The second difference is the yoke that the shifter linkage connects to. It's off about 10mm in every direction, and isn't offset from the center like the 4 speed.
Time to hammer out the pin and switch 'em..










I'll keep y'all updated if I run accross any more issues. It doesn't look like much of a challenge, all too simple with the right parts on hand.


----------



## WhiteFox (Sep 4, 2002)

Okay! To recap; you'll need a B11 front tranny mount, and the yoke from a B12 tranny. That's all it takes to make it a direct drop in.


Easy enough, as long as everything breaks freely that is... (Blowtorch? No... Prybar? No... Dremel... You damn skippy!)

Anywho..

The B11 transmission works like a champ. Once again, many thanks to BlownB310.


----------



## WhiteFox (Sep 4, 2002)

Here is a picture of my modified B12 bracket.. Not a very pretty sight :banhump:









That's a piece of 1/8" thick steel. I cut a place for it to sit in on the mount and welded it in place. I spraypainted it to keep the rust down.

Here's a pic of it unpainted, mounted to the B11 tranny.










I know, I make some butt-ugly welds.  It'll hold for now..


----------



## blownb310 (Jun 10, 2002)

Whitefox,

Thanks for posting your swap experience [with pics to]!  

I'm glad it was as simple as I thought it would be. As you know from my PM, I did find the original B11 mount. Maybe it will make the job even easier! 

So, how does it feel to be the only B12 driver around to have 4.17 gears and an lsd? :thumbup: 

I've got two more stock B11 tranny's here. $50 plus shipping [each] to whoever wants one.


----------



## Crazy-Mart (Jul 14, 2002)

he got LSD ?? ... OMG lucky guy !! ... nice stuff you made there !! wath clutch did you use ??


----------



## WhiteFox (Sep 4, 2002)

The 4.17 gearing is absolutely perfect on this gearbox--Nissan really should have made these for every sentra! It pulls like a truck in 1st and I can still pull hills in 5th.
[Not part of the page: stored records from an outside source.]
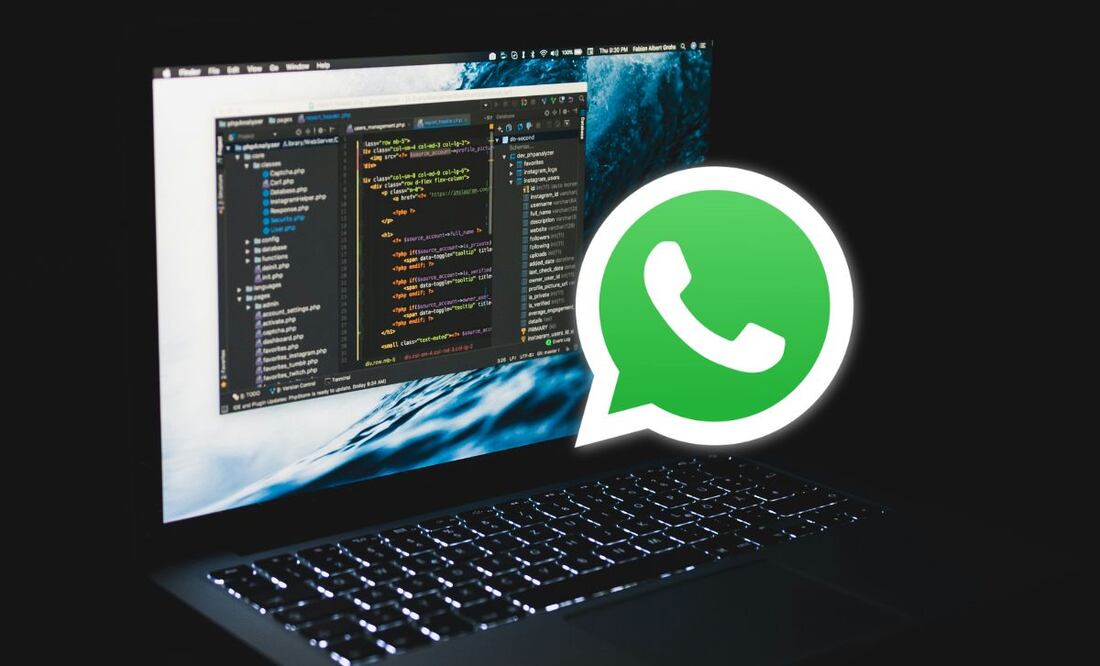 Descubre qué es lo que hacen los hackers con tus datos personales. Foto: Especial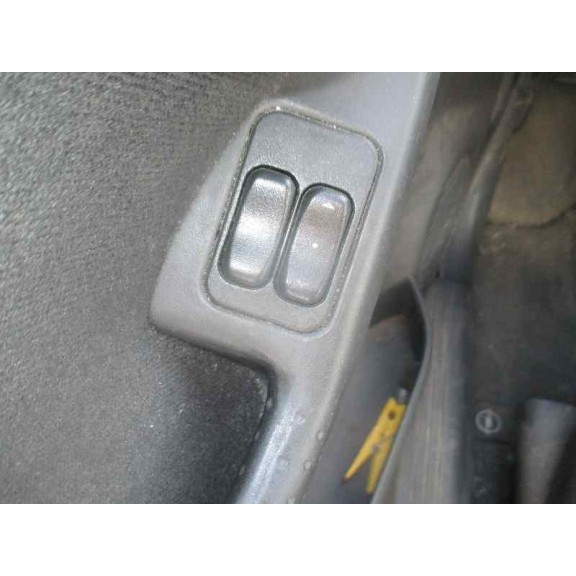 opel corsa c del año 2006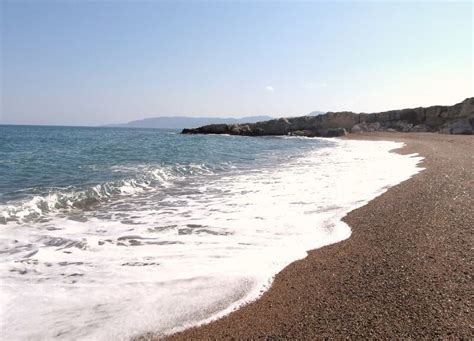 Anassa beach | Cyprus beaches | Cyprus Island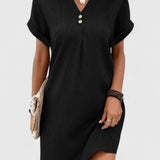 Massie | Nařasené šaty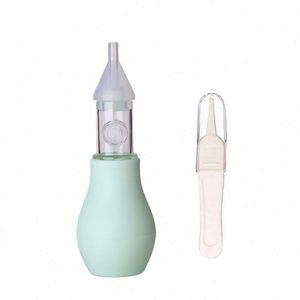 Aspirador Nasal de Silicona Manual <span class=keywords><strong>para</strong></span> <span class=keywords><strong>Bebés</strong></span>, Limpiador Nasal de Silicona, Otros Artículos <span class=keywords><strong>para</strong></span> <span class=keywords><strong>Bebés</strong></span>, Venta al por Mayor de Fábrica - Product Image 3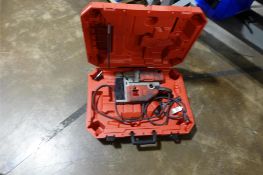 Milwaukee Electro-Magnetic Drill Press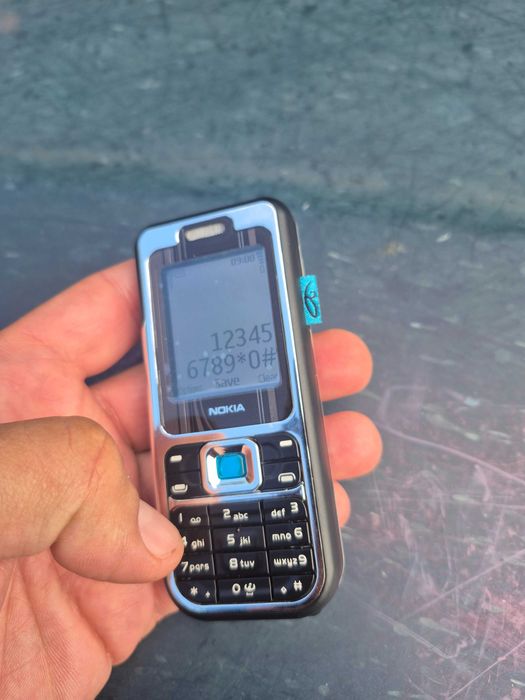 Nokia 7360 in stare extrem de buna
From my calculations, 5th should be good up to about 135 :thumbup: I can't comment on the LSD yet, haven't had enough seat time to see what it'll handle  

I'm using a brand new 'stock' B12 190 mm Exedy clutch and pressure plate.


----------



## 87SENTRASE (May 16, 2002)

B11 had smaller clutch assembly than B12. Just slightly.


----------



## Crazy-Mart (Jul 14, 2002)

both are 180mm ... the n12 had 200mm


----------



## blownb310 (Jun 10, 2002)

Crazy-Mart said:


> both are 180mm ... the n12 had 200mm


Hello Martin,

I just wanted to clear up a small error. The B11's did use a 180mm disc, but the B12's all used a 190mm disc. The only exceptions are the N12 turbo and the B12 4WD's, which both use a 200mm clutch assembly.
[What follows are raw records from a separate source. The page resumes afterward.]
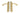 Satin Brass Avon Slimline Lever Latch Set; #finish_satin-brass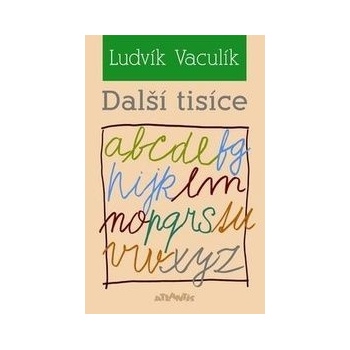 Další tisíce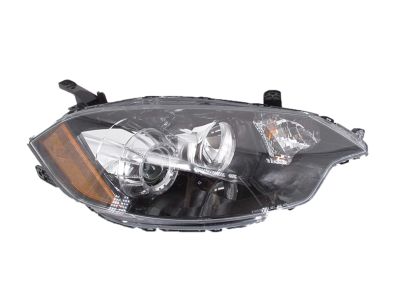 Acura 33101-STK-A11 Right Headlight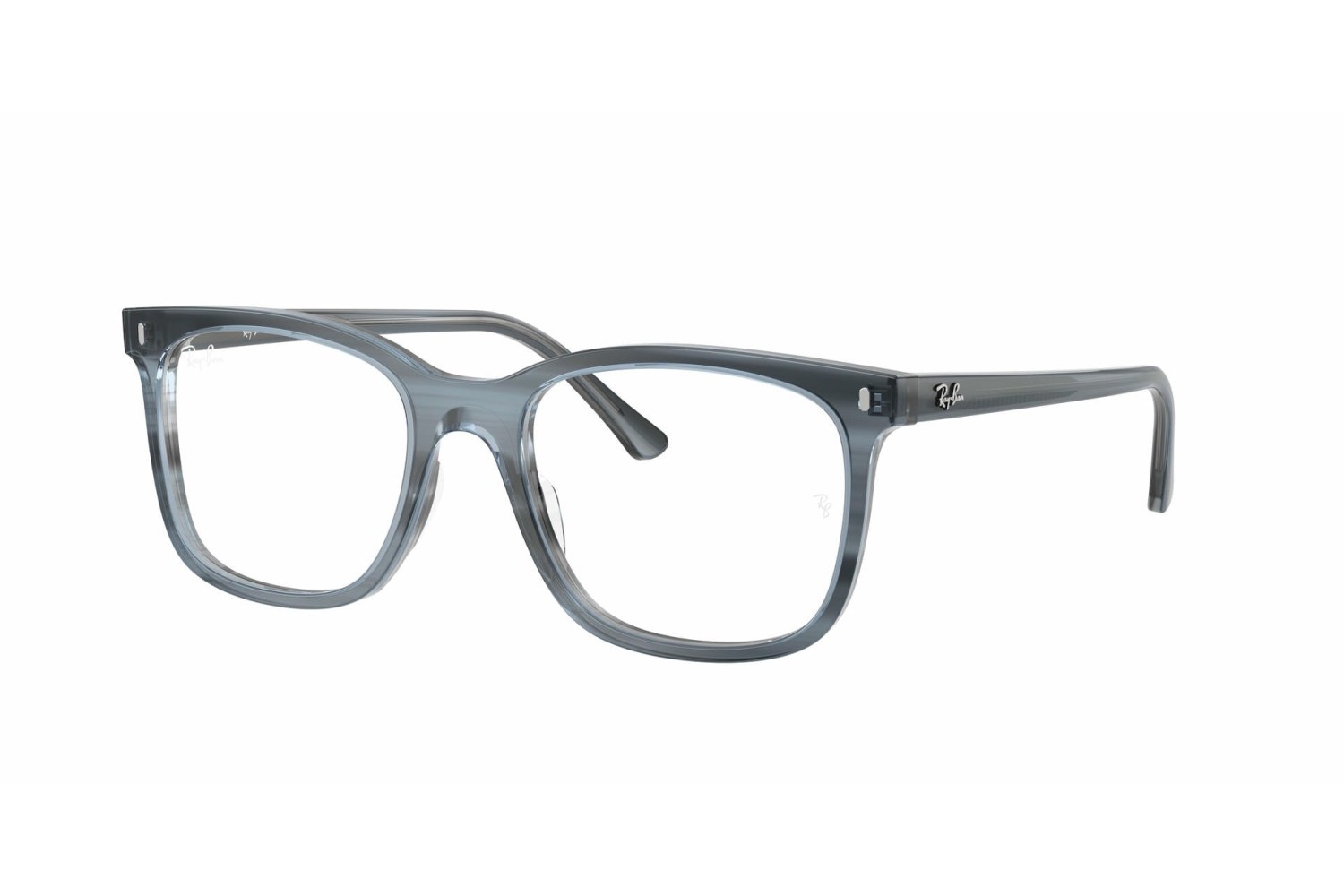 RAY-BAN  - RX5446 - 8456 - 53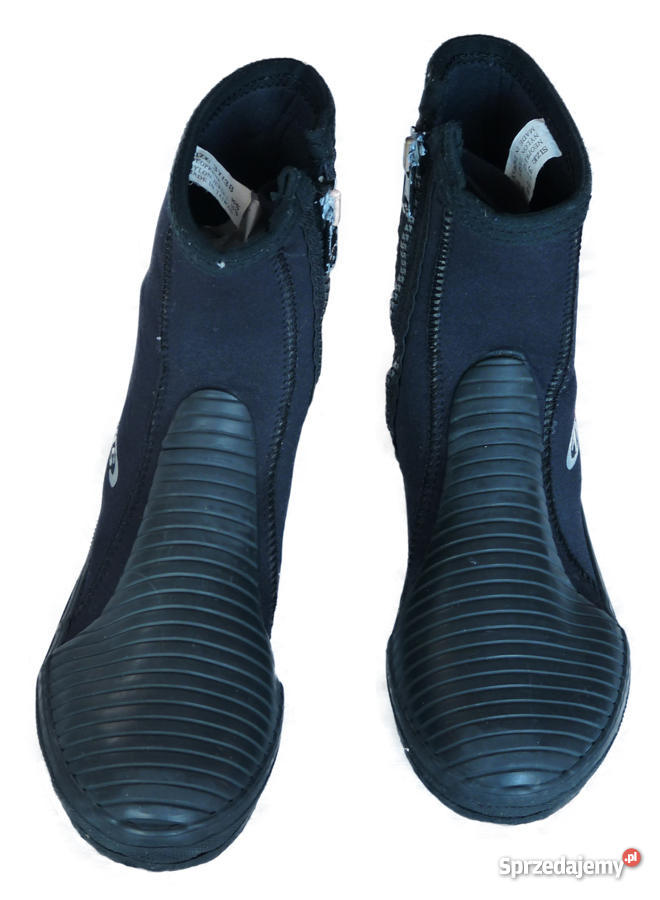 Sprzęt do nurkowania Sochaczew sprzedam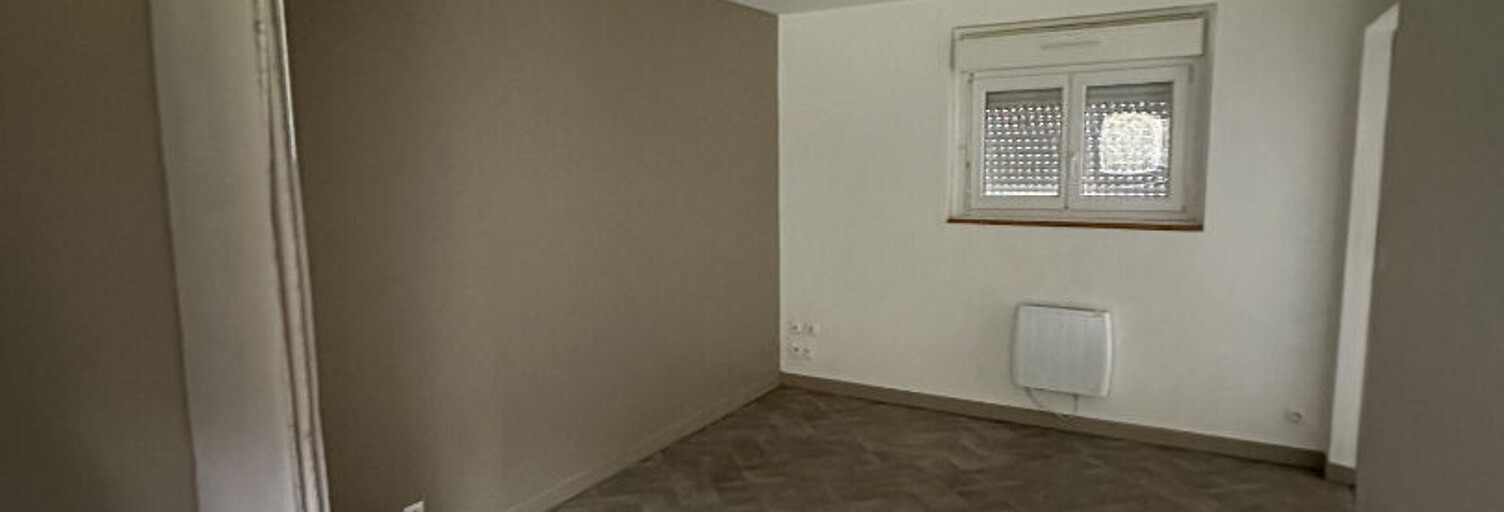 Appartement 1 Pièce 33 m² à vendre à Saint-Just-en-Chaussée (60130)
So Whitefox, you must have used a 190mm B12 E16i flywheel on your B11 right?

Mike


----------



## WhiteFox (Sep 4, 2002)

Wow haven't visited here in a while...

I'm only assuming I had the 190 clutch as I ordered one for the B12's. Now that you mention it, I wonder if that could have something to do with the odd 'hissing' sound I'm getting. Hope it's not grinding the tranny case or something. Been doing it since I got it on the car. It comes and goes and I can make it happen if I push my shifter upwards in 3rd & 5th.. It took me a long time to track that sound down and make it repeatable.

I used to think it was an intake leak of some kind, since it sounded like one. The car feels like it bogs when it *isn't* making the sound, however. Very unusual. Any idea?


----------



## blownb310 (Jun 10, 2002)

Man you got me. I was thinkg exhaust leak when I first read your description.  

I seriously doubt the flywheel is rubbing in the trans case. Perhaps the throwout bearing is starting to go though. 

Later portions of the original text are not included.